Although he had creative freedom for both projects, Ocean felt more confident as a songwriter for Channel Orange and typed his lyrics on a laptop rather than composing in his head as he had done for Nostalgia, Ultra.[12] Since transitioning from writing for other artists, he had been influenced by his "gloriously painful love life" when writing songs.[13] For his lyrics, Ocean used both his past personal experiences and imagination to compose narratives for songs.[9] He was inspired to write the song "Crack Rock" by stories he heard sitting in on Narcotics Anonymous and Alcoholics Anonymous groups mentored by his grandfather, who also dealt with substance abuse in his youth.[9] In an interview for The Guardian, Ocean expressed uncertainty about his penchant for darker subject matter, but speculated that "those were the colours I had to work with on those days. ... I mean, 'experience' is an interesting word. I just bear witness."[9]
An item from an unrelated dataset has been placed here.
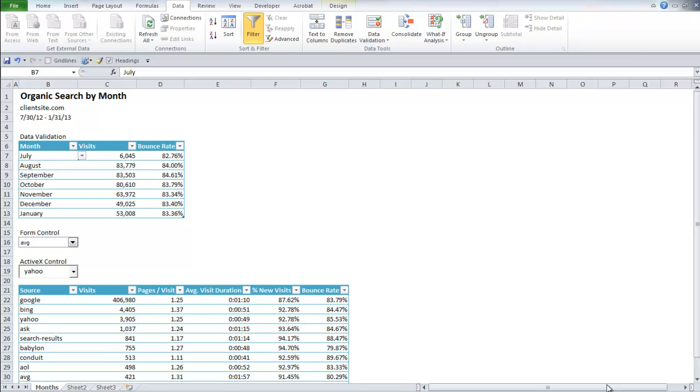Hey guys, this is Tori Cushing with BlueGlass and today I'm just going to run through a quick Excel tutorial on how to do different drop down menus.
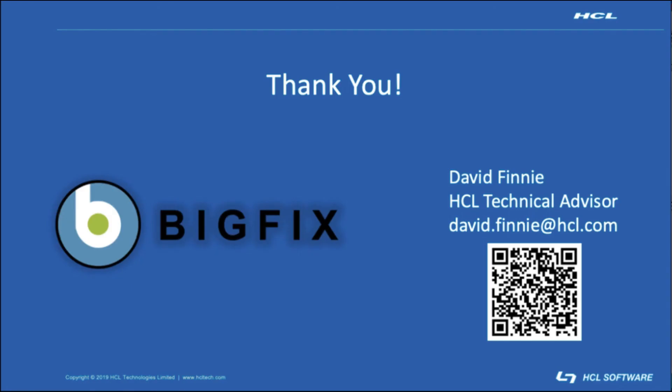And with that, that concludes today's session. Again, thank you for joining me for today's session on Mac installations for the BigFix agent. And as always, if there are any questions, do not hesitate to reach out.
During their writing sessions, Malay noticed Ocean's use of gender pronouns in his lyrics, but attributed it to his poetic license rather than sexuality.[10] In an interview after Ocean's open letter, Malay characterized him as "the new hybrid of what an MC used to be in the '80s or '90s ... the true storyteller" and said of the lyrics, "I don't think anyone during any given point during the creative process knew what was happening ... [W]hen he's singing maybe from a female perspective or whatever, it's a story, it's a world that he created. It's not necessarily his personal—like something that he’s experiencing. Maybe it is and it's a metaphor the way he did it".[10] They finished writing Channel Orange in two to three months.[10] Ocean said of the album's development in an interview for Rap-Up, "It succinctly defines me as an artist for where I am right now and that was the aim. It's about the stories. If I write 14 stories that I love, then the next step is to get the environment of music around it to best envelop the story and all kinds of sonic goodness."[14]
Recording
Once the songs were written, Ocean ordered them into what ultimately became the album's track listing and began recording them in that order.[10] He recorded most of the album at EastWest Studio in Hollywood, near where he was renting a home at the time.[13] The studio complex featured recording equipment from the 1960s.[13] Other recording locations included Henson Recording Studios and the Record Plant in Hollywood, Westlake Recording Studios and Studio for the Talented & Gifted in Los Angeles, Manhattan Sound Recording in New York City, and San Ysidro in Beverly Hills.[15] He originally planned to rent recording equipment and the Beverly Hills mansion alone rather than rent a studio for $1,600 a day.[16] He had a maid at the mansion and enjoyed amenities such as a pool and a sauna, but ended up recording only three songs there—"Lost", "Pyramids", and "Analog 2", a collaboration with fellow Odd Future member Tyler, The Creator.[16]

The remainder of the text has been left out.